▶ WHAT YOU NEED TO DO
Each line of the material should be set down exactly. Pictures are not part of the copy.

▶ SOURCE MATERIAL
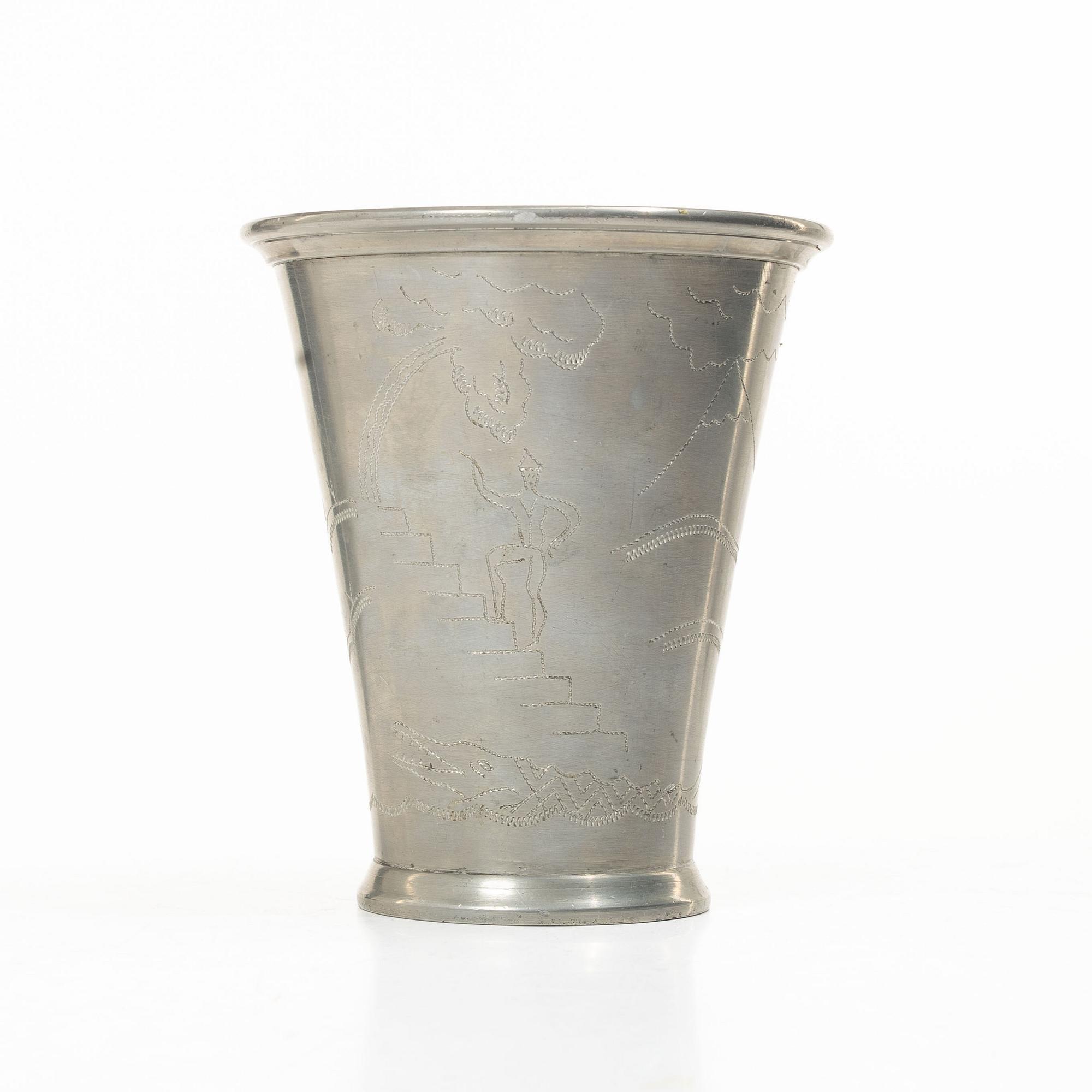 Nils Fougstedt, a pewter vase/ beaker, Firma Svenskt Tenn, model no A 40.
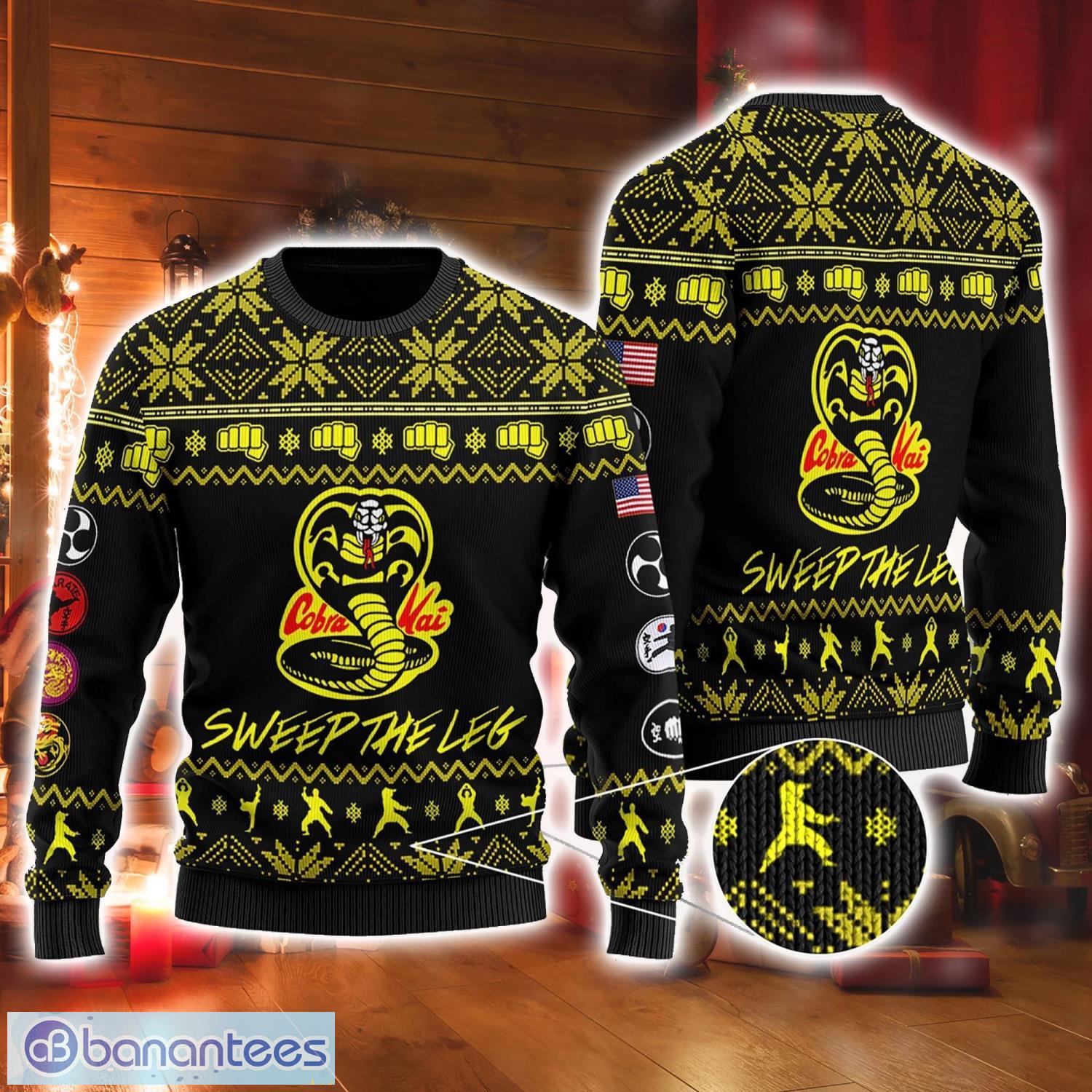 Season's Sweepings Cobra Kai Karate Ugly Christmas Sweater, Ugly Christmas Sweater Product Photo 1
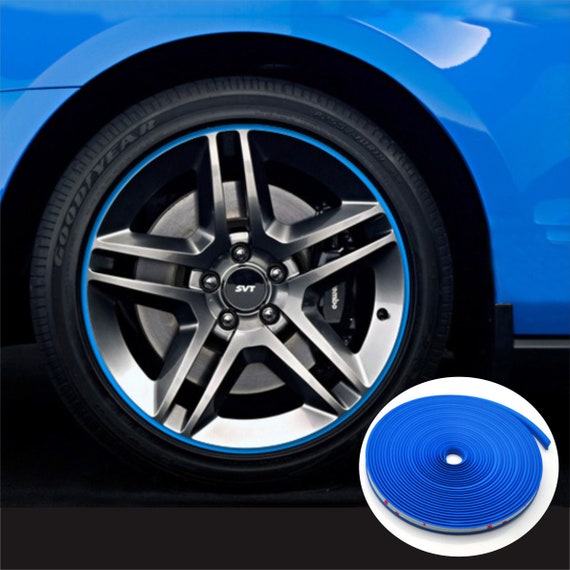 26FT Blue Car Wheel Hub Rim Edge Protector Ring Tire Guard Sticker Rubber  Strip Line 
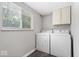 A laundry room with modern washer and dryer appliances at 5719 Laurel Hall Dr, Indianapolis, IN 46226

▶ TASK OUTPUT
 Nils Fougstedt, a pewter vase/ beaker, Firma Svenskt Tenn, model no A 40.
 Season's Sweepings Cobra Kai Karate Ugly Christmas Sweater, Ugly Christmas Sweater Product Photo 1
 26FT Blue Car Wheel Hub Rim Edge Protector Ring Tire Guard Sticker Rubber  Strip Line 
 A laundry room with modern washer and dryer appliances at 5719 Laurel Hall Dr, Indianapolis, IN 46226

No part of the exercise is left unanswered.